With exclusive access to Minecraft creators Mojang, I spent a day with Markus 'Notch' Persson and his team in their Stockholm offices, from the first meeting of the morning to the Friday afternoon's booze and gaming relaxation. With kebab in between. Notch talks to us about how he came to be in the position he's now in, his intentions for Minecraft and Scrolls, and the philosophy behind his game development. I also speak to his colleagues Jakob Porser and Carl Manneh, find out how the team deals with player feedback, their passion for transparency, and Notch's plans for games after he's completed Minecraft.

“Sweden is a nation of heavily regulated drunks,” Minecraft creator Markus 'Notch' Persson informs me as we walk through a local off-license. A freezing, snowy town seems to be disguising the drunken nature of its inhabitants well. We gather beer because it's Friday, which means it's gaming afternoon at Mojang, the six month-old game developer located on one of Stockholm's many islands.

Mojang has enough money to be comfortable. Not that you'd quite know it to look at their current offices. Its unassuming entrance belies the presiding tone of relaxed yet focused dedication. A scrap of file paper is taped to the inside of the window by the front door, with "MojangAB" hastily scrawled in green pen. It's accompanied by a graffiti scrawl on the adjacent wall, seemingly declaring "ron". (But in a country that says "bra" for "good", I quickly learned to make no assumptions.) Still in the process of being refurbished – or indeed furbished – their labyrinthine floor of an apartment building looks as though they're squatting there. “This is the conference room,” says Daniel Kaplan, Mojang’s business developer, showing me into an empty room bereft even of carpets and curtains.
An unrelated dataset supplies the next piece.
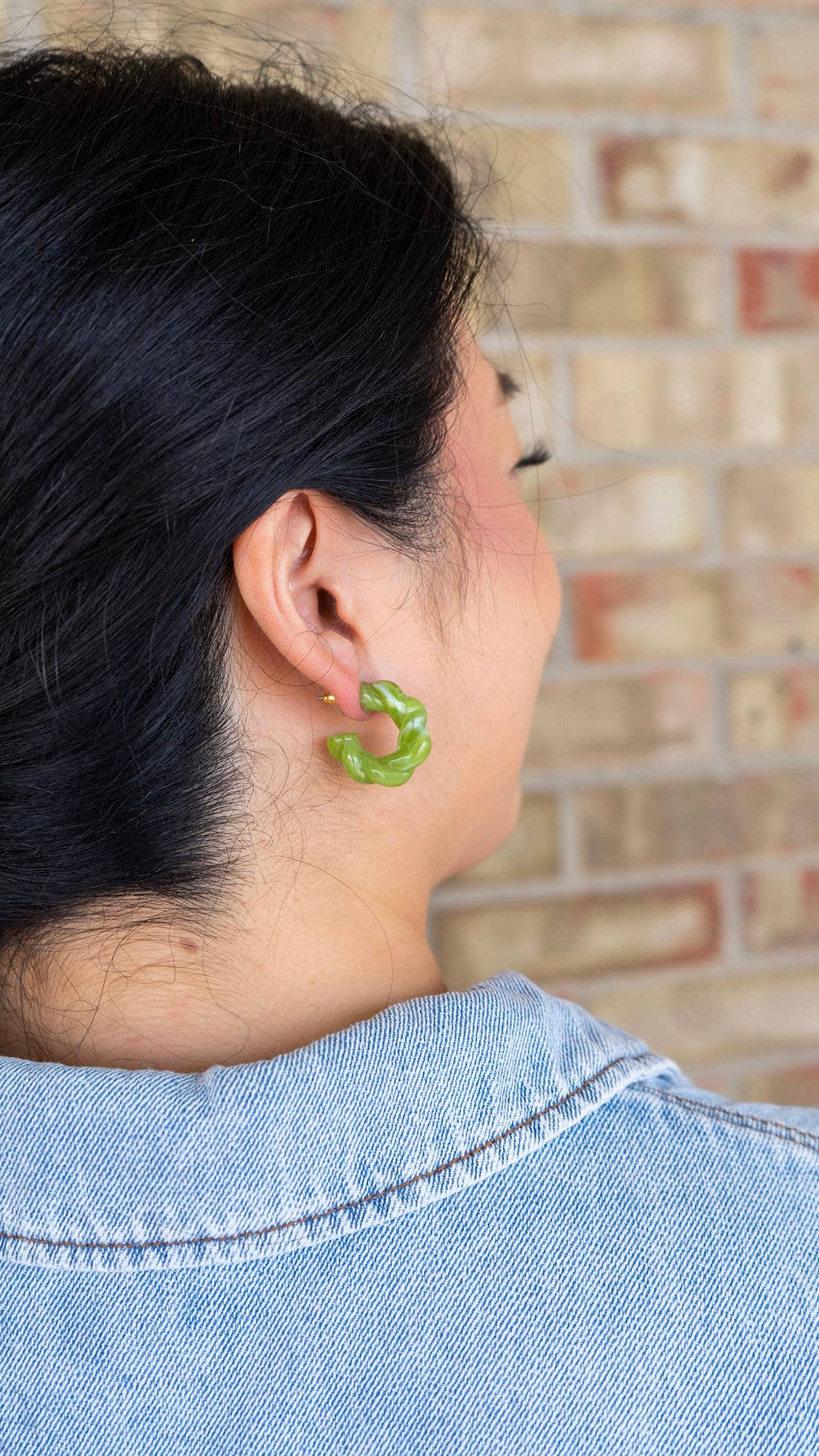 Ramona Hoops - Olive Green // Fall, Resin, Earrings, Jewelry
There’s a single cardboard box in one corner. “It still needs some work.”

But it's home to one of the biggest success stories in indie gaming for years. Currently employing nine staff, things have moved quickly for the fledgling company, since the days when Persson was coding Minecraft from his oversized desk at home.

“When I went full time on Minecraft, last year in June, I was spending all my time at home,” explains the man behind the phenomenon, Markus Persson. “That was really awesome... for two months. Then slowly I started getting weirder. It felt just wrong.”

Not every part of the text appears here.